Business growth spurt
Like a child, a business (whether franchise or stand-alone) needs to be fed and watered for it to grow: and if you put nothing in, you can’t expect something out. A prime example of investing in one’s business is Ami Behari, owner of a Timber City Franchise.
In 1997 Behari’s brother wanted early retirement and put his Timber City franchise – opened in 1988 – up for sale.
Back in 1997 the store in Springs was 150m2. Behari, whose experience until that point had been in purchasing, knew that the franchise had a lot of potential, but it required a lot of investing to get it where he knew it could be.

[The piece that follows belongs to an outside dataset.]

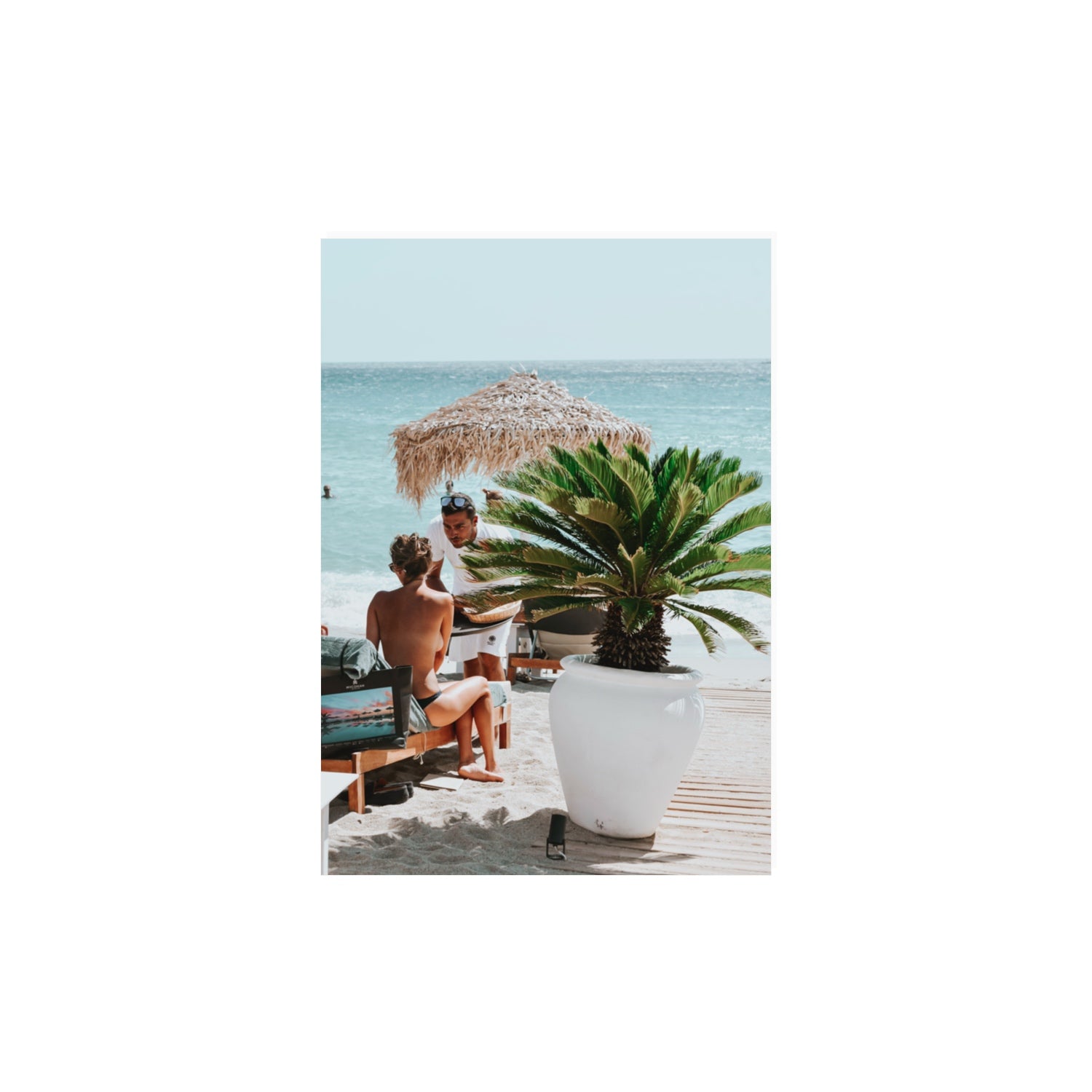 At Your Service Mykonos Greek island wall art A3, 42 x 29.7 cm unframed fine art print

Implementing the game plan
When Behari took ownership of the store, he set about pouring as much of the profits as possible back into the business: fifteen years later, the store now stands at 5 500m2, employs a sizeable staff and operated on an 80/20 principle of 80% cutting and edging for cabinet making, and 20% retail.
“I realised that finished products were where we could grow, so I first invested in two machines, and now I have another 2 machines ordered,” says Behari.

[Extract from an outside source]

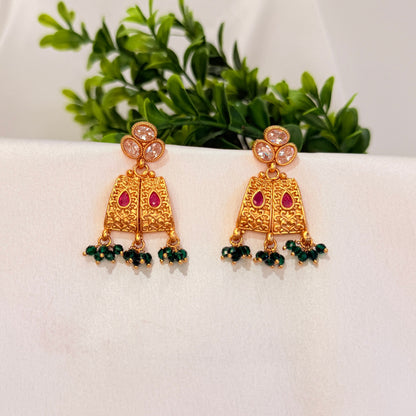Eshaya Earring with Green beads tassels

It’s a smart move. Too many entrepreneurs become tempted to dip into the profits of their business in order to enjoy the finer things in life.

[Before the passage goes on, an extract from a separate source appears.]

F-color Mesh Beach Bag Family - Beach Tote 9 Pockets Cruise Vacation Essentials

What happens in this case is that the business has no capital to grow, and if a business cannot grow, it cannot continue to support your lifestyle, and something has to give.
The tangible investments
Equipment is not the only thing that Behari has invested in: “Having a general manager and managers of each department makes the business run smoothly.
There’s only so much I can get done in a day and I would never be able to run a business this size by myself, so it’s important to have the right number of staff on hand to help me,” says Behari.
Security is another investment. “When you’re the supplier of desirable goods theft becomes an issue,” Behari explains. “Besides stock losses, customers want to know that they’re safe when they’re here,” Behari explains.
To resolve this, Behari has invested in comprehensive security that includes CCTV cameras, security personnel at the entrance, and a system of cross-checking purchases with receipts.
The intangible investment
One of the most important investments Behari has made in his business has been his time. “I spend 6 days a week here, all trading hours.”
As an owner-operator who is very hands on, Behari is able to monitor how his business and staff are performing, where there are problems to be addressed, and what systems can be improved to better the customer experience and increase profitability.
“It’s stressful at times, especially because I personally handle about 80% of the product purchases, but also because staff need to be motivated, customers kept happy, stock managed and security monitored.”
Behari’s biggest motivator, however, is believing in the following equation: “If you mismanage your stock, you lose.
If you mismanage a business, you lose. The more you invest in your business, the more motivated you are to make sure it succeeds.”